Is Your Call Important?

We have heard the phrase a thousand times…”your call is important to us please hold”. This is the standard message we hear when we call a company’s call center. Interspersed we may hear about “an unexpectedly high call volume” and other variations on the theme. All of these messages serve to keep us informed of the call volumes impacting on the call center and thus are intended to mitigate our frustration with the call not being answered immediately. But what is a reasonable delay in answering our call… 20 seconds, one minute, twenty minutes? What event had impacted on the center and caused them to be unable to answer our call?

The general public can only guess about the underlying causes while we, in the call and contact center industry, know the truth about this guilty little secret. There was no unexpected run on the call center, no surge that caught the center blind.
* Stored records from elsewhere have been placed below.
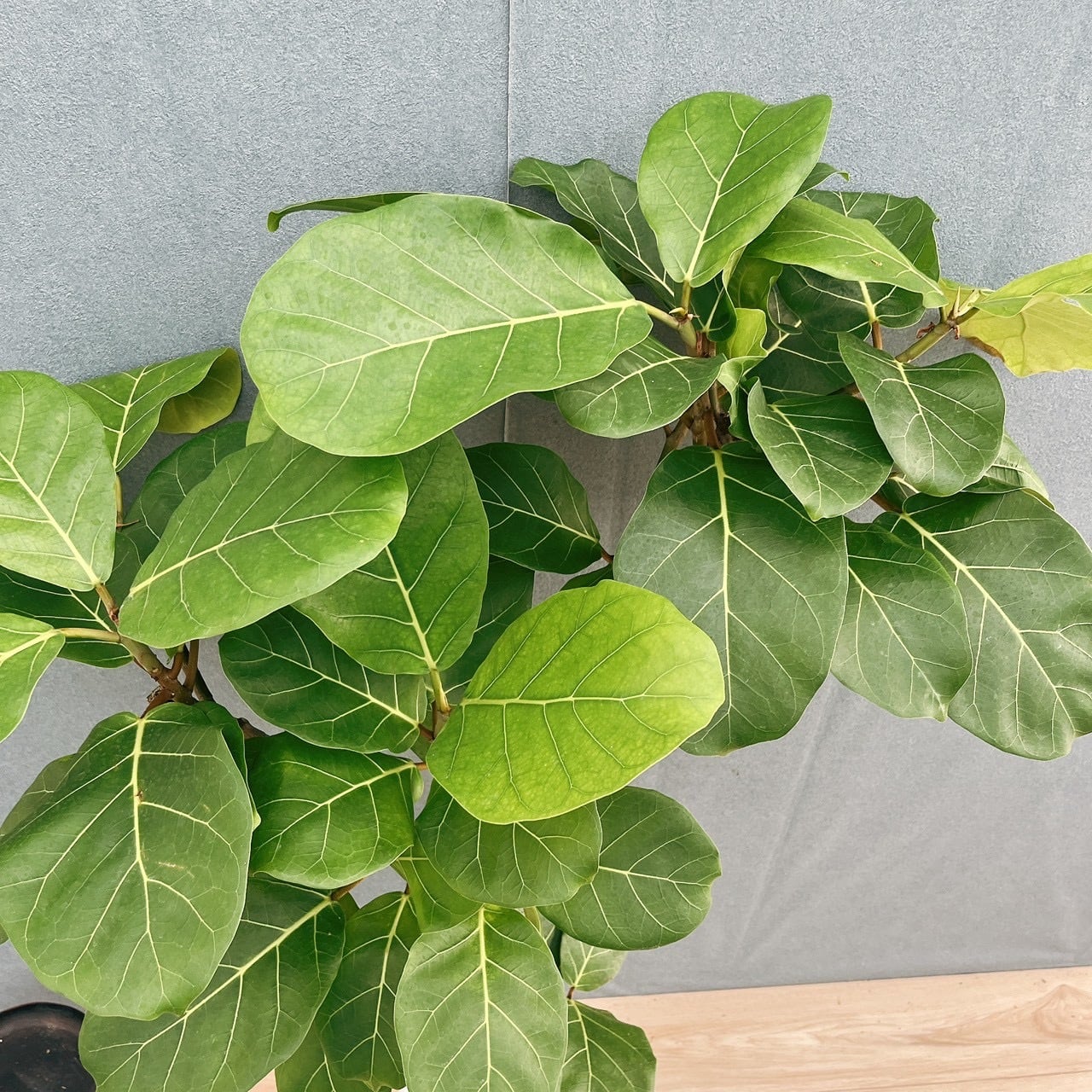 現品］【希少】44番 フィカス アフリカンプリンス 8号 観葉植物 室内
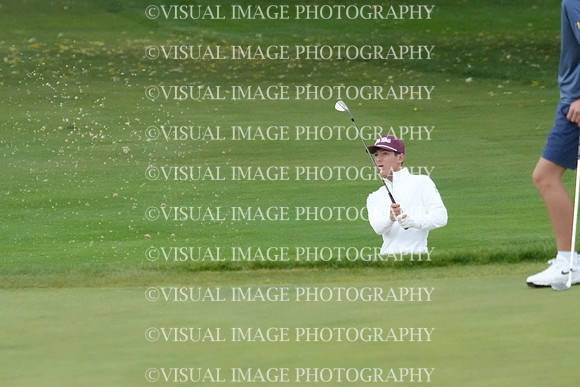 ILGF_26_T212013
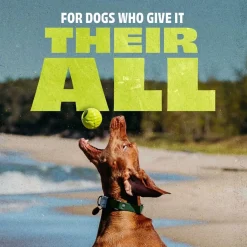 Benebone Bounce Hundboll i Gummi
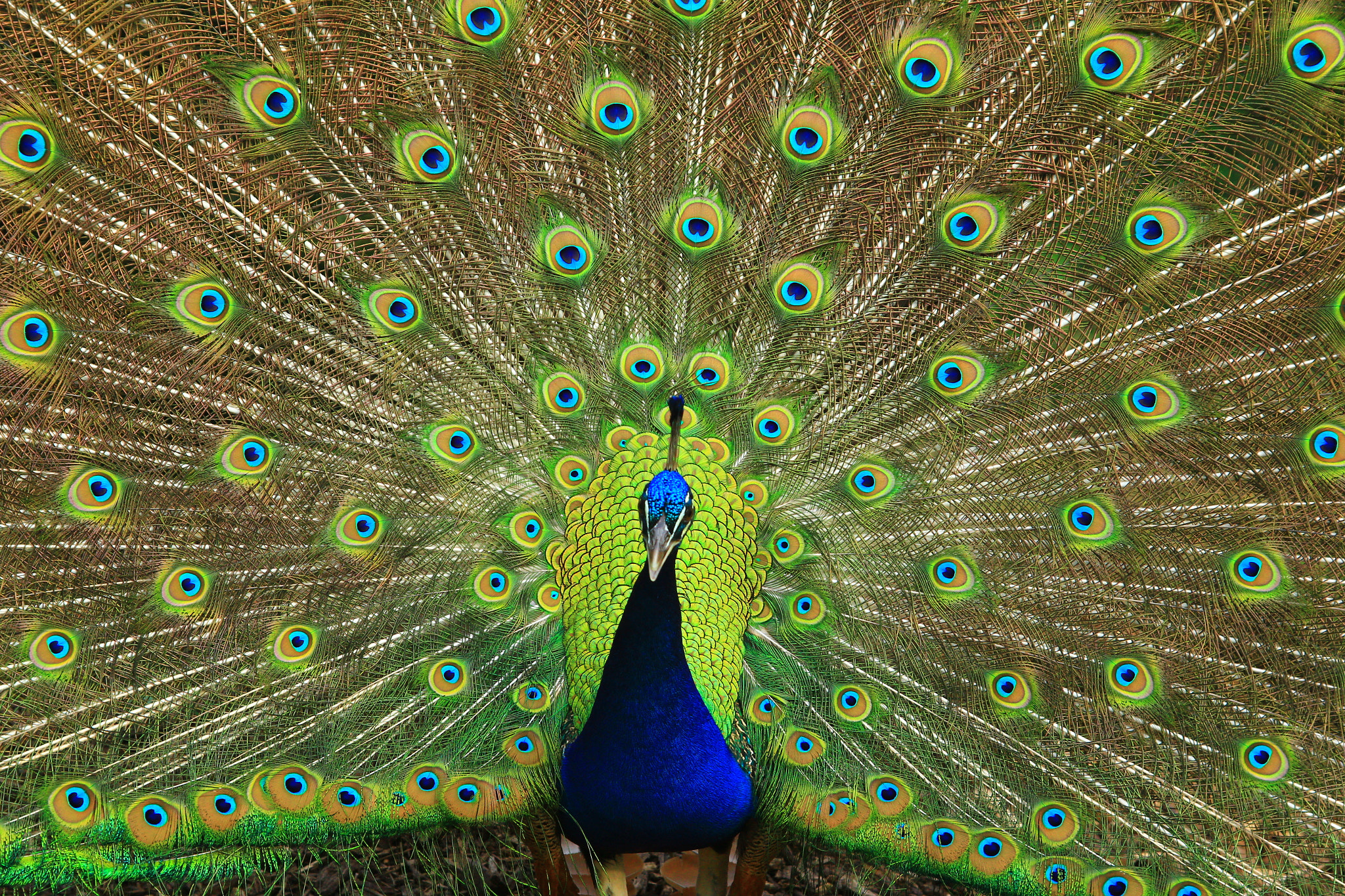 Canon EOS 60D + Canon EF 24-85mm F3.5-4.5 USM sample photo. Peacock at mayfield park photography
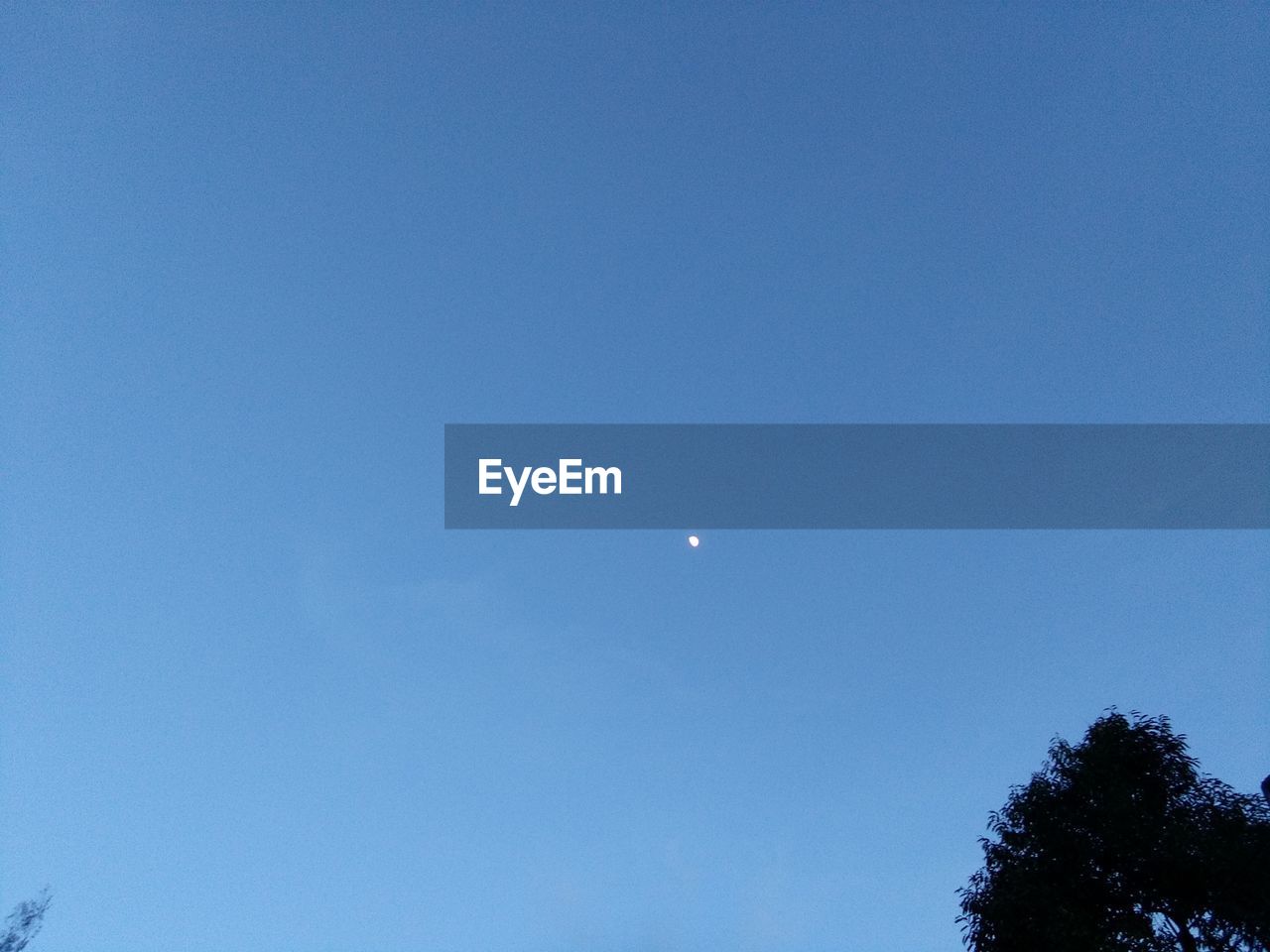 LOW ANGLE VIEW OF BLUE SKY AND TREE AGAINST CLEAR MOON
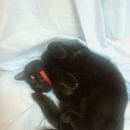 Подробнее об объявлении «Найдена кошка черная кошка в красном ошейнике  Санкт-Петербург» Фото: найдена кошка  «Найдена кошка черная кошка в красном ошейнике...» в г. Санкт-Петербург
The reality is that there are only two likely reasons why the call wasn’t answered promptly; either the management of the company has determined not to or the call center senior management is incompetent. What other reasons can there be?
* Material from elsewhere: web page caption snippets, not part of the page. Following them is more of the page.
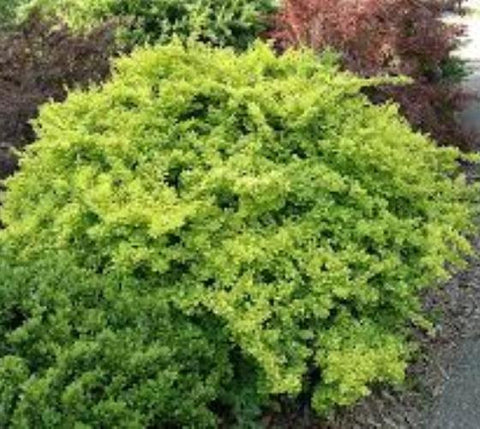 Aurea Golden Japanese Barberry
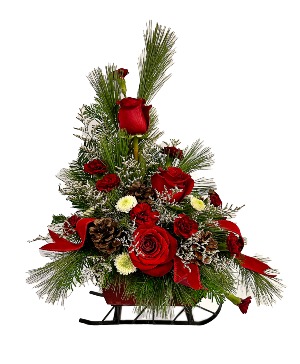 Sleigh Ride BUD & BLOOM SIGNATURE ARRANGEMENT in Franklin, IN | BUD AND BLOOM SOUTH INC. Sleigh Ride BUD & BLOOM SIGNATURE ARRANGEMENT in Franklin, IN | BUD AND BLOOM SOUTH INC.
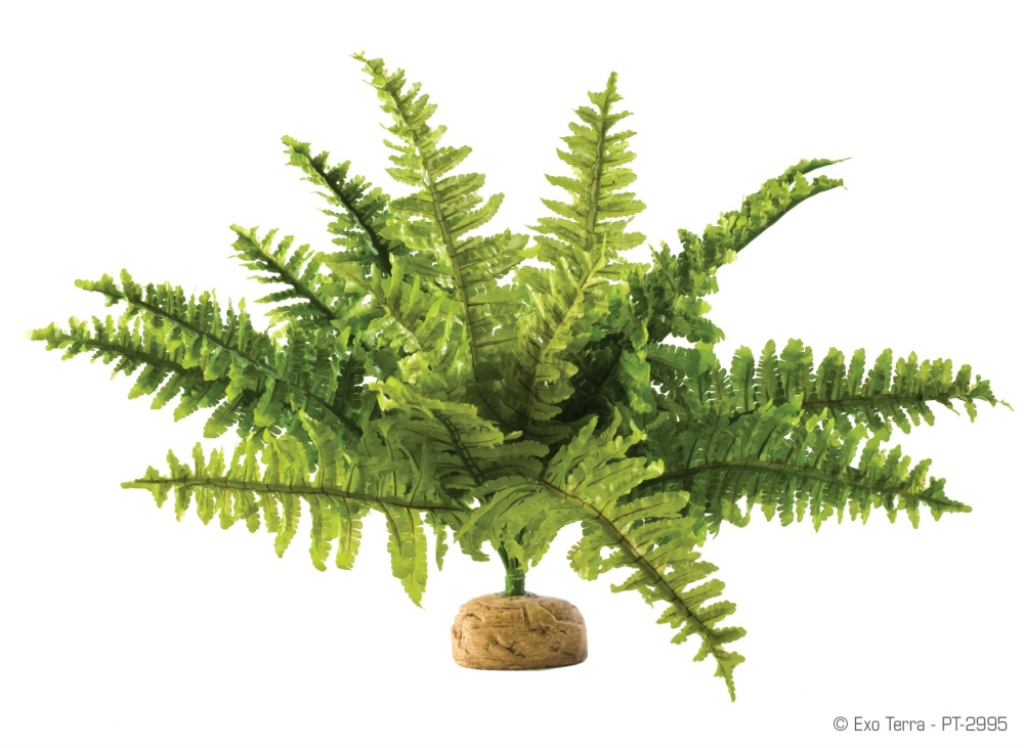 Exo Terra Rainforest Boston Fern Terrarium Plant, Medium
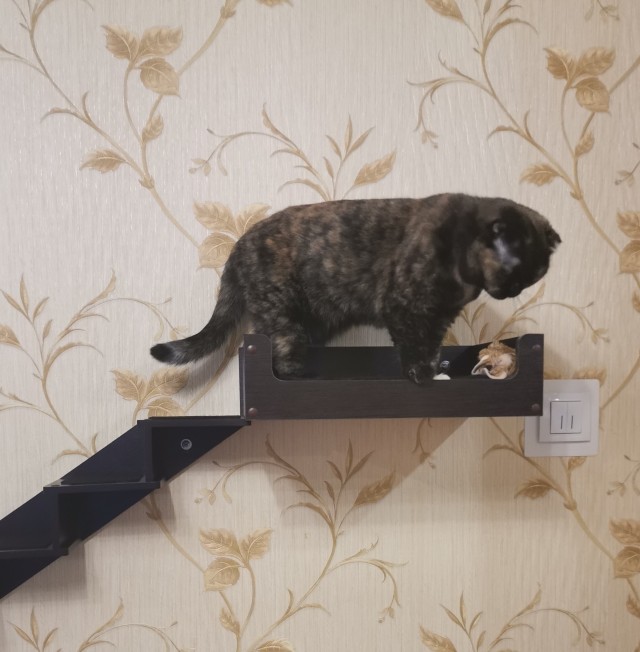 А в следующей жизни я хотел бы быть котом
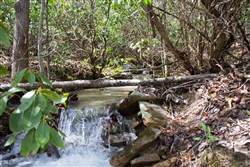 property photo for Hidden Hills Tract 26, 5.34 acres for sale in Sequatchie County, Tennessee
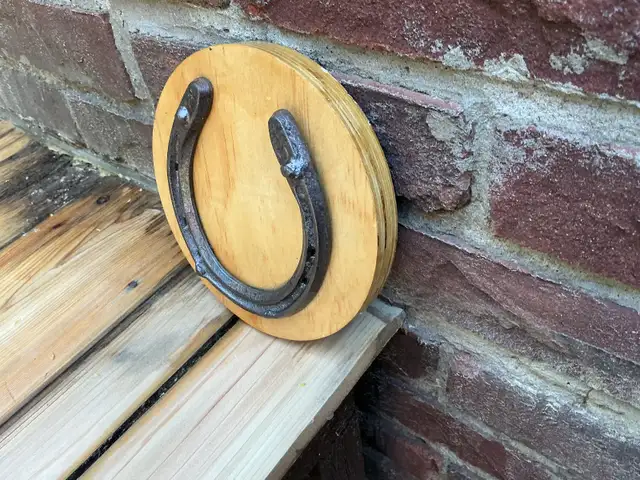 Antique Horse Shoe on Wood Plaque ! - Photo 5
Ignorance or Neglect, your Choice

Call and contact centers produce a huge amounts of data and the center management can analyze the data and information to determine call volumes and patterns and forecast what volume of calls to expect when. This forecasting process is a basic tenant of call and contact center management.

Senior corporate executives constantly communicate a message that their customers are their number priority, yet these otherwise intelligent, savvy and effective communicators fail to support the customers when they have the opportunity…when the customer contacts the center.

I recently had to tell the CEO of a Fortune 500 company that their Mission Statement was a lie. I told him that the company’s’ commitment to “world class customer service” was incompatible with a wait time of more than 20 minutes to get a phone call answered. Perhaps this wasn’t he best way to begin a consulting engagement and certainly this wasn’t a pleasant conversation of either of us, but it was the start of a process that today has this company answering their calls within their stated service level parameters.

So let’s examine the reasons why companies don’t answer our call in a timely manner. First let’s look at why a company would neglect and alienate their primary asset: their customer.

Familiarity breeds contempt

The nature of contact and call centers provide some insight to this problem. Call centers in particular employ a device that we use and take for granted each and every day…a telephone. We have grown up using the phone, we don’t see this as complicated technology. We view the phone as a basic everyday item. This point of view can lead us to not fully appreciate the challenges and dynamics that come into play when you put 10 or 20 or 300 phones and agents together in a room and ask them to service customers. As I was once told by a senior VP at a packaged goods company, “we don’t need your help to answer the phones, I have one of these at home”, he said while holding up his telephone set, “I use it every day”. This familiarity can breed contempt. If instead of a telephone, we were employing some ‘black box’ technology with a catchy three letter acronym (TLA), then we wouldn’t be so eager to dismiss the complexities and subtle nuances that managing incoming calls can present.

A second root cause for the lack of focus on meeting customers needs when they phone the call center may be traced back to the evolution of the call center itself. In many organizations call centers weren’t planned. They just sort of happened. A ringing phone prompts all of us at home or at the office to ask, often out loud, can somebody get the phone. The same process occurred in offices leading to more people and more resources being deployed to ‘answer the phones’; pretty soon you have a call center.

This background may be interesting, but still doesn’t explain how otherwise savvy and bright executives end up in a situation where they are at best complicit in and at worst intentionally creating an environment certain to alienate their customers. Research shows that customers judge a company based upon their experience with that company’s’ call or contact center. In fact 92% of consumers in a recent Perdue University study said they judge a company based upon their experience in dealing with the call center. A Transversal study provided even more distressing news: 54% of consumers had a higher opinion of a company before they contacted the company call center than they had after their call center experience.

Senior executives in many organizations are forming opinions and making decisions based on faulty information. One of the most common myths we have seen is “It costs too much to provide good service” This is patently incorrect. Consider this not so hypothetical example.

The Death Spiral is not a Strategy

A company is having difficulty answering their phone calls. So the average speed of answer (ASA) increases. With the increases in ASA comes a matching increase in the frequency of customers mentioning and complaining about their wait time. This increase in complaints increases the average handle time (AHT) that a call takes to be completed. This increase in AHT means that an agent handles fewer calls in each period and the ASA for new incoming calls increases again. Also as the AHT increases so does the cost for each call handled and the budget is consumed exponentially. Meaning that fewer resources can be deployed to handle future calls. This cycle as you can see can cycle over and over creating a call center ‘death spiral’.